--- What is being asked ---
The response must consist of each line in the listing that has the word "Necklace" in it.

########################################

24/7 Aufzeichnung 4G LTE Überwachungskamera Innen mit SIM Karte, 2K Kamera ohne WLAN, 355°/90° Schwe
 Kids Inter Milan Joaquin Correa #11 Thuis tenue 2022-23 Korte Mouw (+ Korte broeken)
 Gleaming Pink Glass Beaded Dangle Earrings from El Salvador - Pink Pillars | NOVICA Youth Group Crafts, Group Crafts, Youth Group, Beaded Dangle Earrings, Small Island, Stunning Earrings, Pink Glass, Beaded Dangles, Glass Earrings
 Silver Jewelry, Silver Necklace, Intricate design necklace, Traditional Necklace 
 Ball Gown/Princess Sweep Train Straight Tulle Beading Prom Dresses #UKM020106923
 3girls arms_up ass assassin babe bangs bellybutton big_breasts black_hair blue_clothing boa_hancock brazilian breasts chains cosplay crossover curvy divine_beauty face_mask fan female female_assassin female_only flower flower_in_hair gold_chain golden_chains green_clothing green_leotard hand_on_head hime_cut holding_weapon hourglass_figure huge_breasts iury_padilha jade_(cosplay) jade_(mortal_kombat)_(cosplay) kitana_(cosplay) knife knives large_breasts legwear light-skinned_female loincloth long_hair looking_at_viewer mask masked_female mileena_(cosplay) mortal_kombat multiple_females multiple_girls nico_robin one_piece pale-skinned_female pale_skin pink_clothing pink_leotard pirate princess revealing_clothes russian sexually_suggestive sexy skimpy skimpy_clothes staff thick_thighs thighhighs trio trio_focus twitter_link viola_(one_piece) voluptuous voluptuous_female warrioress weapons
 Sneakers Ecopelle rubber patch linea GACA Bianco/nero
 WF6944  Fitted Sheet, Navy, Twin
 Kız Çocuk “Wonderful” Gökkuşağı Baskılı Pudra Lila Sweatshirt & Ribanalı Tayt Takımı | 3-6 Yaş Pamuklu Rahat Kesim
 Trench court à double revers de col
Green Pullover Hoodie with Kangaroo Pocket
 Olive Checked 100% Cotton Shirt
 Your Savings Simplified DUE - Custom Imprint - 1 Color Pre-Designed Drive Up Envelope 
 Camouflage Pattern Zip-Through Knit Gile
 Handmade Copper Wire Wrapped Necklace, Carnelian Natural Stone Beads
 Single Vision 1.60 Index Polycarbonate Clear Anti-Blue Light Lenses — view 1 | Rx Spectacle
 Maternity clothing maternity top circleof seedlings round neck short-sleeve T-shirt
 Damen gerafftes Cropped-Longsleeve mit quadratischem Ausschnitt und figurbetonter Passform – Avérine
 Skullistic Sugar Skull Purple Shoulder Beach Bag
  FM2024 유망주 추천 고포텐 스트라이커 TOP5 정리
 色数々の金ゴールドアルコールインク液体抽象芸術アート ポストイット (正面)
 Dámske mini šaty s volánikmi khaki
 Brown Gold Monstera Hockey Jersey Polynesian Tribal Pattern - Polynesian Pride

########################################

--- Reply to the exercise ---
 Silver Jewelry, Silver Necklace, Intricate design necklace, Traditional Necklace 
 Handmade Copper Wire Wrapped Necklace, Carnelian Natural Stone Beads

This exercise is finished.